## Activity
The output is to match the entries below character for character.

## The data
▬▬▬▬▬▬
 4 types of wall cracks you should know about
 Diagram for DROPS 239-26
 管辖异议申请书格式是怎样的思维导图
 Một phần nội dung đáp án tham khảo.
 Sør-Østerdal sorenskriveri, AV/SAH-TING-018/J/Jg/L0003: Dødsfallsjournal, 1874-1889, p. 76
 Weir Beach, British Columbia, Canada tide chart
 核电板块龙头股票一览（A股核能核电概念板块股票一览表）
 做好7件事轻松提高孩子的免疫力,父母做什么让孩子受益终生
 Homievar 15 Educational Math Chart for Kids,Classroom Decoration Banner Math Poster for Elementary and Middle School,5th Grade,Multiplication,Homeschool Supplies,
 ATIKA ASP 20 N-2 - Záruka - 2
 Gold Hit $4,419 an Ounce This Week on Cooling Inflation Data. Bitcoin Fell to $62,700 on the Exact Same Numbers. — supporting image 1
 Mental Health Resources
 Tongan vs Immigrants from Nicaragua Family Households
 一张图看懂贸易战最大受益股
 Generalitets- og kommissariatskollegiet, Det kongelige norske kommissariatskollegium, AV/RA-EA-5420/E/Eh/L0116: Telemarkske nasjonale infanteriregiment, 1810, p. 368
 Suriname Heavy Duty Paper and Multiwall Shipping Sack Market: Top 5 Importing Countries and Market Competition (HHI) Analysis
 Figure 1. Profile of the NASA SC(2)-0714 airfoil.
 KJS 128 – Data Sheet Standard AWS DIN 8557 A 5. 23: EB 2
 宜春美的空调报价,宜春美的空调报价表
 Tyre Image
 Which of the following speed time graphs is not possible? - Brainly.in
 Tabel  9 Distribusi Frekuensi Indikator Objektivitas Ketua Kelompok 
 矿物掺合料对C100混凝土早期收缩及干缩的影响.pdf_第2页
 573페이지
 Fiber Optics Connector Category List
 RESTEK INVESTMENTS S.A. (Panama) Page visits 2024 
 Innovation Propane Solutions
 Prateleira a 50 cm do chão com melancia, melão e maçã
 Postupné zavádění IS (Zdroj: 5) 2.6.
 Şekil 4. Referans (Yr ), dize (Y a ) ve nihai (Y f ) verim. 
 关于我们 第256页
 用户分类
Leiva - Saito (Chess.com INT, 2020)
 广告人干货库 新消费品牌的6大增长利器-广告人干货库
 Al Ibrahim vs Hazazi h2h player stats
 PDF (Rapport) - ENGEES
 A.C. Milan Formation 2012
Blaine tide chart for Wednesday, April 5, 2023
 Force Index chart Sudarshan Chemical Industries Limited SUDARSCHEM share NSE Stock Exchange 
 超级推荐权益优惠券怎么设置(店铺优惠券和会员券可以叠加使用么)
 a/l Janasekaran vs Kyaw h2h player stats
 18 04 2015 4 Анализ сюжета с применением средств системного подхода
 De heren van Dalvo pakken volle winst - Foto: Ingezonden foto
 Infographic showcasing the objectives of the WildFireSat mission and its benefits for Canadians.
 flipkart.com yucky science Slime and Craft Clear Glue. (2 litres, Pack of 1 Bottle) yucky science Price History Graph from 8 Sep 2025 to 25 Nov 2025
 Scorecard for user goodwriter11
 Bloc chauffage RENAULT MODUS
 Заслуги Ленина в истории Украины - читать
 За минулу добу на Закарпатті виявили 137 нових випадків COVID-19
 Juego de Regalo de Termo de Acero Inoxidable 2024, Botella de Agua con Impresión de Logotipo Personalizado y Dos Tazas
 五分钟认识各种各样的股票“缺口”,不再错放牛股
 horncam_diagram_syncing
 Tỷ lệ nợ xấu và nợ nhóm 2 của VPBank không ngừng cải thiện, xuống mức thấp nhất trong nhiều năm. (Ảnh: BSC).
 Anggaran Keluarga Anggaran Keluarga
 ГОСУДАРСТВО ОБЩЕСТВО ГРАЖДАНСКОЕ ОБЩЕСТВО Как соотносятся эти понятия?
▬▬▬▬▬▬
## Final answer
 4 types of wall cracks you should know about
 Diagram for DROPS 239-26
 管辖异议申请书格式是怎样的思维导图
 Một phần nội dung đáp án tham khảo.
 Sør-Østerdal sorenskriveri, AV/SAH-TING-018/J/Jg/L0003: Dødsfallsjournal, 1874-1889, p. 76
 Weir Beach, British Columbia, Canada tide chart
 核电板块龙头股票一览（A股核能核电概念板块股票一览表）
 做好7件事轻松提高孩子的免疫力,父母做什么让孩子受益终生
 Homievar 15 Educational Math Chart for Kids,Classroom Decoration Banner Math Poster for Elementary and Middle School,5th Grade,Multiplication,Homeschool Supplies,
 ATIKA ASP 20 N-2 - Záruka - 2
 Gold Hit $4,419 an Ounce This Week on Cooling Inflation Data. Bitcoin Fell to $62,700 on the Exact Same Numbers. — supporting image 1
 Mental Health Resources
 Tongan vs Immigrants from Nicaragua Family Households
 一张图看懂贸易战最大受益股
 Generalitets- og kommissariatskollegiet, Det kongelige norske kommissariatskollegium, AV/RA-EA-5420/E/Eh/L0116: Telemarkske nasjonale infanteriregiment, 1810, p. 368
 Suriname Heavy Duty Paper and Multiwall Shipping Sack Market: Top 5 Importing Countries and Market Competition (HHI) Analysis
 Figure 1. Profile of the NASA SC(2)-0714 airfoil.
 KJS 128 – Data Sheet Standard AWS DIN 8557 A 5. 23: EB 2
 宜春美的空调报价,宜春美的空调报价表
 Tyre Image
 Which of the following speed time graphs is not possible? - Brainly.in
 Tabel  9 Distribusi Frekuensi Indikator Objektivitas Ketua Kelompok 
 矿物掺合料对C100混凝土早期收缩及干缩的影响.pdf_第2页
 573페이지
 Fiber Optics Connector Category List
 RESTEK INVESTMENTS S.A. (Panama) Page visits 2024 
 Innovation Propane Solutions
 Prateleira a 50 cm do chão com melancia, melão e maçã
 Postupné zavádění IS (Zdroj: 5) 2.6.
 Şekil 4. Referans (Yr ), dize (Y a ) ve nihai (Y f ) verim. 
 关于我们 第256页
 用户分类
Leiva - Saito (Chess.com INT, 2020)
 广告人干货库 新消费品牌的6大增长利器-广告人干货库
 Al Ibrahim vs Hazazi h2h player stats
 PDF (Rapport) - ENGEES
 A.C. Milan Formation 2012
Blaine tide chart for Wednesday, April 5, 2023
 Force Index chart Sudarshan Chemical Industries Limited SUDARSCHEM share NSE Stock Exchange 
 超级推荐权益优惠券怎么设置(店铺优惠券和会员券可以叠加使用么)
 a/l Janasekaran vs Kyaw h2h player stats
 18 04 2015 4 Анализ сюжета с применением средств системного подхода
 De heren van Dalvo pakken volle winst - Foto: Ingezonden foto
 Infographic showcasing the objectives of the WildFireSat mission and its benefits for Canadians.
 flipkart.com yucky science Slime and Craft Clear Glue. (2 litres, Pack of 1 Bottle) yucky science Price History Graph from 8 Sep 2025 to 25 Nov 2025
 Scorecard for user goodwriter11
 Bloc chauffage RENAULT MODUS
 Заслуги Ленина в истории Украины - читать
 За минулу добу на Закарпатті виявили 137 нових випадків COVID-19
 Juego de Regalo de Termo de Acero Inoxidable 2024, Botella de Agua con Impresión de Logotipo Personalizado y Dos Tazas
 五分钟认识各种各样的股票“缺口”,不再错放牛股
 horncam_diagram_syncing
 Tỷ lệ nợ xấu và nợ nhóm 2 của VPBank không ngừng cải thiện, xuống mức thấp nhất trong nhiều năm. (Ảnh: BSC).
 Anggaran Keluarga Anggaran Keluarga
 ГОСУДАРСТВО ОБЩЕСТВО ГРАЖДАНСКОЕ ОБЩЕСТВО Как соотносятся эти понятия?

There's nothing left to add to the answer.